To adapt and innovate is to survive and evolve

Dec 29, 2009, 12.00am IST
DEEPAK RANADE.

Belief in prefixed programmes or destiny provides us with back-end logic to arbitrarily occurring events. It absolves us of our contribution to failure or with having to deal with ‘effort to outcome’ incongruence.


Our evolution as humans has transported us from the jungles to the moon. It bears testimony to the human ability to analyse, strategise, adapt and progress. A belief in the preordained would be a discredit to evolution. It would discount phenomenal human endeavour which has always shone through the darkest clouds of despondence.

Has free will given us the power of adaptation? Adaptation is a dynamic process that delves into the deepest recesses of creativity. Overcoming adversity is what stimulates growth and development.


Failure lures the weak mind to succumb to fatalism and so one finds it convenient to give in to passive submission. Free will, if exercised, can empower. It provides us with the freedom to spread our wings; to endeavour to soar in the vast skies of achievement. To experience, to grow, to create. The indomitability of the human spirit has nurtured evolution and helped us overcome our limitations.

Facing situations squarely requires a realistic appraisal of the problem and assessing the entire spectrum of available options diligently. Assigning cosmic design or any form of inevitability to events would be defeatist. Evolution of the human brain has provided us with the power of intelligence and discrimination.

We can prevail over our hormones, instincts and beliefs. Free will is also a double-edged weapon that can breed fear and doubt. The flower never needed anyone to predict its ability to blossom. The hatchling is oblivious to any speculation of its taking flight.

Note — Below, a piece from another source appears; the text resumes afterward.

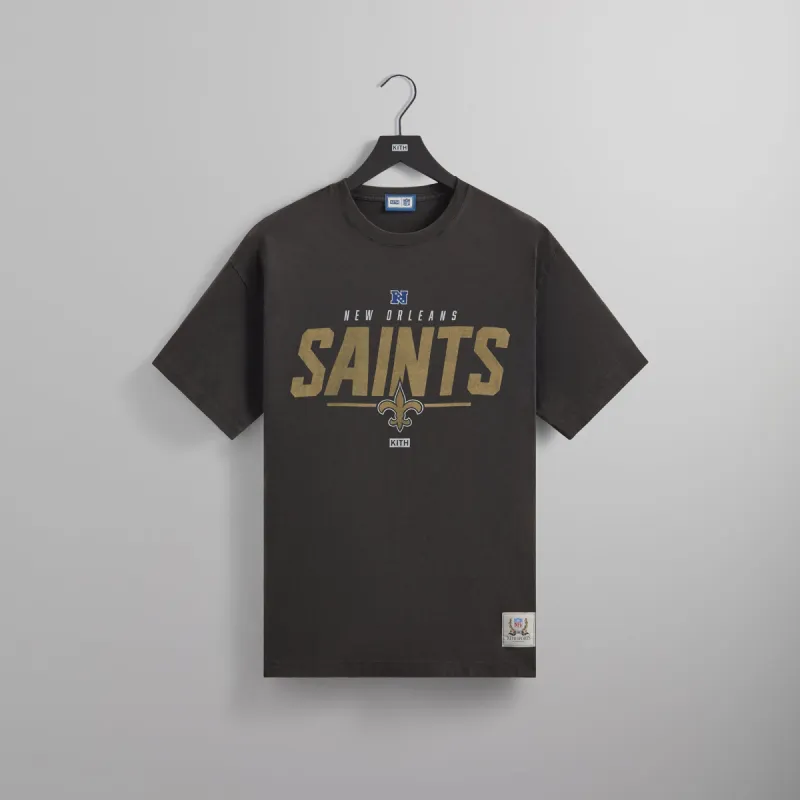 Kith for the NFL: Saints Vintage Tee - Black sold by Kith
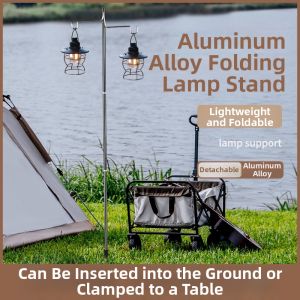 YINNUO | Foldable Portable Camping Lantern Stand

The deterministic nature of a system does not make it predictable. This is what the chaos theory propounds. The `butterfly effect’ -- a very small variation in the initial starting conditions having a tremendous impact on the final outcome – makes any predictive pattern far less reliable. The butterfly effect makes a triviality such as which side one got off the bed cascade incomprehensibly to events far beyond the scope of any predictive system.

All predictive models are based on statistical analysis, and at best can quantify the probability of an event occurring. The quantum theory also predicts that any conceivable outcome, even of walking through a wall, has a probability of occurring. Till that event actually happens, the wave function of every conceivable event abounds. In the medical profession, too, statistics are at best deterministic. They give a general trend and are ineffective from a predictive standpoint in an individual case.

The desire to know and enforce specific outcomes stems from the ego. It assumes the ability to control the environment. Free will gives the freedom to alter and manipulate inputs. It does not empower us with any control over the outcomes. Having no knowledge of or control over the outcome is a pre-condition to expression of free will.


A prefixed scheme or destiny would render free will meaningless. All actions would be mere formality that has to precede the inevitable and foregone outcome. An act becomes meaningless only in retrospect once the outcome is known. Prospectively all action is meaningful.


Certainty shackles and stifles spontaneity. Uncertainty truly liberates. A limitless potential to unfold in limitless ways. It conceives the improbable. Achievements are preceded by dreams which thrive only in the realm of improbability and uncertainty.

The inability to control or predict outcomes makes free will thrive. Unpredictability emphasises the importance of action. It underlines the beauty of the journey rather than obsession about the destination.